Retirement from Membership may occur by giving notice of intention to retire in writing to the Chief
Executive Officer at least three months prior to the end of the Financial Year. Such retirement shall
take effect at the end of that Financial Year. The retiring Member or Affiliate Member shall remain
liable for payment of all unpaid subscriptions, levies and other amounts due to the Association.
8. Cancellation of Membership
8.1 Any Member or Affiliate Member of the Association failing to pay its subscription or levy
within three calendar months of being invoiced shall be disqualified from voting or taking
part in any meeting or receiving any benefits until such subscription or levy is paid. If such
default continues for one year, membership may be terminated by an Ordinary Resolution
at a General Meeting of the Association.
8.2 In the event of any Member or Affiliate Member of the Association committing a wilful
breach of any Rule or By-Law the Council shall have the power to cancel its membership.
However, any Member or Affiliate Member whose membership has been cancelled shall
have the right of appeal to a General Meeting of the Association to be exercised within one
month of the date on which such cancellation was notified to it.
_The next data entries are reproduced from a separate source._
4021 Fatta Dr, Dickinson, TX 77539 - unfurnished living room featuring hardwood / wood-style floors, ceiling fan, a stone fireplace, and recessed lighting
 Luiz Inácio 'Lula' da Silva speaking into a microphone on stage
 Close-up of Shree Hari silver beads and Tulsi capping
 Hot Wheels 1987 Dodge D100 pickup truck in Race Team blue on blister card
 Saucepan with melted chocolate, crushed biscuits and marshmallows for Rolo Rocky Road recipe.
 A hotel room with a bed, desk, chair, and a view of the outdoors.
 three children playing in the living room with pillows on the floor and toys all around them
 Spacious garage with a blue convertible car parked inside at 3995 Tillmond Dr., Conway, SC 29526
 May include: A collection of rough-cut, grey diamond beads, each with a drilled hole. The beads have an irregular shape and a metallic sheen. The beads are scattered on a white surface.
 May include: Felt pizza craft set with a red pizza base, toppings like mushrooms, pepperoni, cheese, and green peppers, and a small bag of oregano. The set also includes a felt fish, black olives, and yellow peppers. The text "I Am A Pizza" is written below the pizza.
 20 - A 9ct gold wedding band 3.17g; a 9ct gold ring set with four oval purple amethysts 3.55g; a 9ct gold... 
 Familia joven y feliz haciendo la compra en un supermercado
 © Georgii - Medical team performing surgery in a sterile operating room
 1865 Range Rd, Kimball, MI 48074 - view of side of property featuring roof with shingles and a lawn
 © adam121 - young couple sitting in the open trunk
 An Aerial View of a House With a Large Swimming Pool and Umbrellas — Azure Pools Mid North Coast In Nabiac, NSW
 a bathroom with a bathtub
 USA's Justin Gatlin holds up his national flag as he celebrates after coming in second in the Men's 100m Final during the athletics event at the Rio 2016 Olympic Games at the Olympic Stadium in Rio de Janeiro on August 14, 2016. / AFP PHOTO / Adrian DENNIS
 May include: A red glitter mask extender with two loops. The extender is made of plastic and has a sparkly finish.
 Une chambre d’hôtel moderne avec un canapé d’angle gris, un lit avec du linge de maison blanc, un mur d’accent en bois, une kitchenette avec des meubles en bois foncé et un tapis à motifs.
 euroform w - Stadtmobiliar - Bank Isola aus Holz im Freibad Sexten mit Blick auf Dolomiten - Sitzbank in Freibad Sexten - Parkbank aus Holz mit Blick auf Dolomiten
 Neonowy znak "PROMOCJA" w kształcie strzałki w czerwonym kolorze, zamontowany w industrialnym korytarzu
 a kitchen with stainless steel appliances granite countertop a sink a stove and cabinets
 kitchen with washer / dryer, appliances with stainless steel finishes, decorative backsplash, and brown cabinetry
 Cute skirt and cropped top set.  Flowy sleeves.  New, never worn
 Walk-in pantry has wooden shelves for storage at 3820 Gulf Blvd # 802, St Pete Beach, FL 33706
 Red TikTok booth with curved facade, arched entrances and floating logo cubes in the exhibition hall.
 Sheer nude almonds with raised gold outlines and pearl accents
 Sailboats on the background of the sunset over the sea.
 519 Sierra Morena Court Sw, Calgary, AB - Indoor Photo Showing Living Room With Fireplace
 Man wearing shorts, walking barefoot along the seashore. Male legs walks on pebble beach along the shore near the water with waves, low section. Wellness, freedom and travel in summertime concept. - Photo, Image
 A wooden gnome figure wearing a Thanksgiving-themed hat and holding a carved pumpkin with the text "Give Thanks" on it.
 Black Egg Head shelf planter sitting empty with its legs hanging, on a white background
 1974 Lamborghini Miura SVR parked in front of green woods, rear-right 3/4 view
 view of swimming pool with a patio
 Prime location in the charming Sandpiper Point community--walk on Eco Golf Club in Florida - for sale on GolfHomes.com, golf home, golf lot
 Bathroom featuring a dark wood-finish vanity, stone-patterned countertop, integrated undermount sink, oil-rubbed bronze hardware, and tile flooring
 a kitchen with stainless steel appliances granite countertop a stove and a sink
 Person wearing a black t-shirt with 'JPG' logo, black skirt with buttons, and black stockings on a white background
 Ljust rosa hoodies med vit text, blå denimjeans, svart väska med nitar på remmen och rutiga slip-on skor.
The Chief Executive Officer
shall on receiving notice of such appeal forthwith convene a General Meeting of the
Association to deal with the matter.
8.3 Cancellation of membership shall not relieve any Member or Affiliate Member from its
liabilities as a Member or Affiliate Member of the Association to the date of cancellation, or
from the payment of any subscriptions levies and other dues lawfully payable by such
Member or Affiliate Member to the Association.
9. Interest in Property
No Member or Affiliate Member who retires voluntarily or whose membership has been cancelled
shall have any rights or interests in any funds or property of the Association
10. Subscriptions and Levies
10.1 Annual membership subscriptions shall be determined by the Council and notified by the
Chief Executive each year, following the adoption of the budget for the ensuing Financial
Year, and in any event by no later than 30 June in each year for the following categories of
(b) Registered Exporters
(c) Affiliate Members
10.2 The subscriptions and levies shall be set at levels so that in aggregate the Association
shall receive sufficient revenue to meet the expenditure forecast in the annual budget
adopted by the Council for the ensuing year, which shall include and separately specify the
core budget comprising routine operating costs and expenses; and a non-core budget
specifically approved by the Council for contingencies or other purposes. The budget shall
identify the amount of the budget to be recovered from Processor and Exporter Members
after deducting income to be derived from other sources including Affiliate Members.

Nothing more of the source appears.